Tonkin : Villeurbanne trouve un terrain pour garder sa clinique

Alors que la clinique du Tonkin serait sur le point de quitter Villeurbanne, la ville vient de trouver un argument qui pourrait la faire rester sur son territoire. Pourtant pressentie pour rejoindre Décines, la grande clinique née de l’alliance de la clinique du Tonkin et des quatre établissements mutualistes de l’agglomération lyonnaise se voit maintenant proposer un point de chute à Villeurbanne.

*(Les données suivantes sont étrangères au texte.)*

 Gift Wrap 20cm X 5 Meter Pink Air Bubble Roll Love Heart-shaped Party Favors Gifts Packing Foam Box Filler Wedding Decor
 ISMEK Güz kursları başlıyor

Les Villeurbannais vont-ils perdre leur clinique ? Emblématique de la ville depuis de nombreuses années, la clinique du Tonkin a une chance sur deux de partir. Villeurbanne, 20e ville de France, pourrait alors perdre son unique service d’urgences et sa maternité. À l’origine de ce déménagement de plus en plus probable, un projet commun entre la clinique du groupe Capio et les 4 établissements de la Mutualité française de l’agglomération, qui rassemblerait les activités des cliniques dans une structure de 700 lits dans le Nord-Est de Lyon. Si le lieu n’est officiellement pas encore choisi, l’implantation de cette structure pourrait se faire sur Décines, où la Mutualité possède déjà un terrain.

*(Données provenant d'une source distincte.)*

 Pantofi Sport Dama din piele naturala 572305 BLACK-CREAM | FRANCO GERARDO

La décision échappe à Villeurbanne

A Villeurbanne, le directeur général des services de la ville, Éric Grignard ne veut pas tirer de conclusions hâtives : "Le projet de regroupement doit encore faire ses preuves. Rien n’est tout à fait arrêté. SI le Tonkin venait à partir, il est évident que cela serait problématique. En ce qui concerne la maternité il faut relativiser, puisque seulement 20% des Villeurbannaises accouchent au Tonkin. Pour les urgences, il est évident qu’un tel type d’accueil est nécessaire pour les Villeurbannais". Oui mais voilà, l’Agence régionale de Santé (ARS) ne privilégiera aucune des deux villes puisqu’il s’agit selon ses critères d’un même secteur. La décision finale revient donc exclusivement aux deux opérateurs du projet.

Un nouveau terrain

Mais aussi faible que sa marge de manœuvre soit, Villeurbanne ne compte pas laisser sa clinique filer si facilement. La Ville vient même de mettre la main sur un terrain et peut désormais proposer "la faisabilité d’une opération à peu près similaire à celle prévue sur Décines, à Villeurbanne", précise Éric Grignard. Un argument qui pourrait sonner comme une douce mélopée aux oreilles du groupe Capio qui jusqu’à peu de temps, avait toujours privilégié une implantation villeurbannaise. Villeurbanne ou Décines, rien n’est encore joué. Capio et la Mutualité se laissent jusqu’au 30 octobre pour arrêter le lieu du futur établissement.